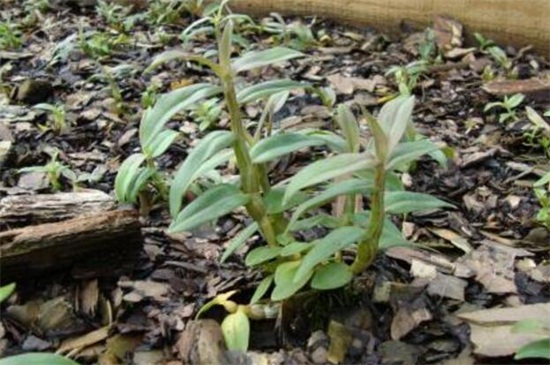 铁皮石斛怎么吃,清洗干净直接口嚼吃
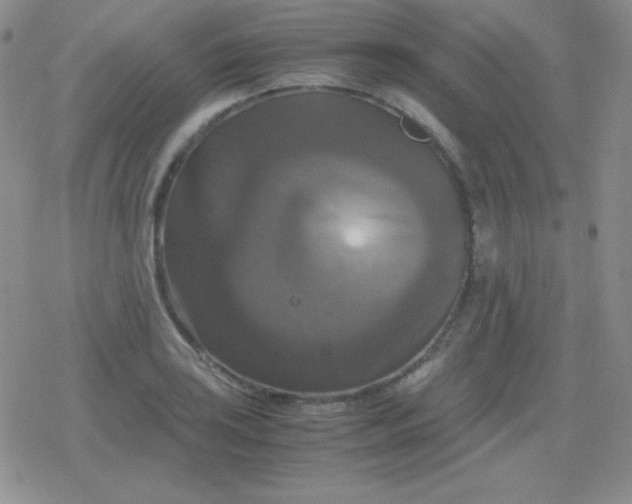 X0000079321035200612081929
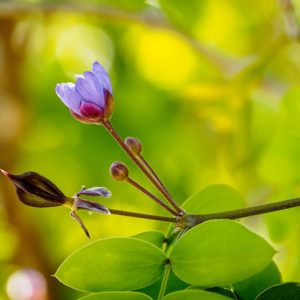 Guaiacum sanctum, Holywood, Holywood Lignum-Vitae, Florida Native Shrub, Florida Native Tree, Evergreen Shrub, Evergreen Tree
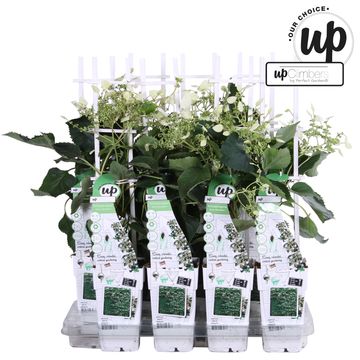 Schizophragma hydrangeoides SNOW SENSATION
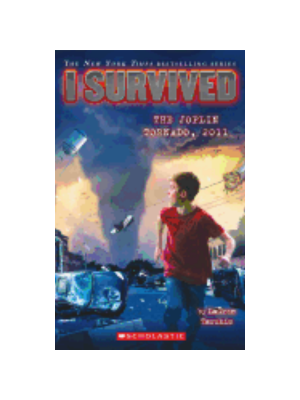 I Survived the Joplin Tornado, 2011 (I Survived #12)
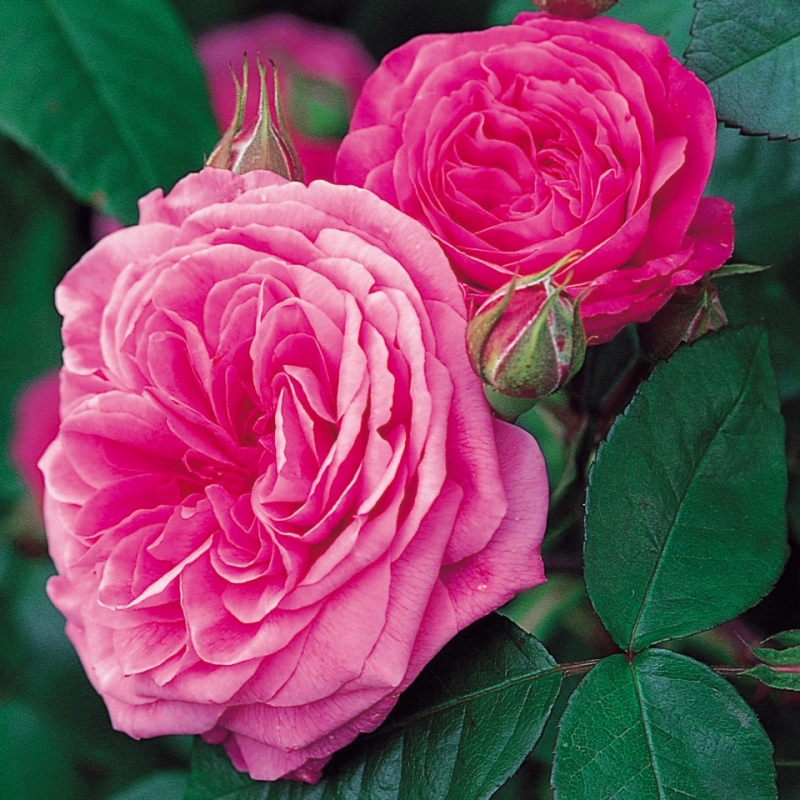 Englische Rose Gertrude Jekyll ®   Ausbord ®  Austin, 1986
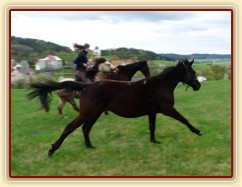 Zobrazit (23 fotek) Co dělali naši koně po celý rok 2009 Zobrazit (23 fotek) Co dělali naši koně po celý rok 2009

****

[Task prompt]: Print out the entries above word for word from the first line to the line containing "Englische Rose Gertrude", both included, omitting the pictures.

[Task response]:
 铁皮石斛怎么吃,清洗干净直接口嚼吃
 X0000079321035200612081929
 Guaiacum sanctum, Holywood, Holywood Lignum-Vitae, Florida Native Shrub, Florida Native Tree, Evergreen Shrub, Evergreen Tree
 Schizophragma hydrangeoides SNOW SENSATION
 I Survived the Joplin Tornado, 2011 (I Survived #12)
 Englische Rose Gertrude Jekyll ®   Ausbord ®  Austin, 1986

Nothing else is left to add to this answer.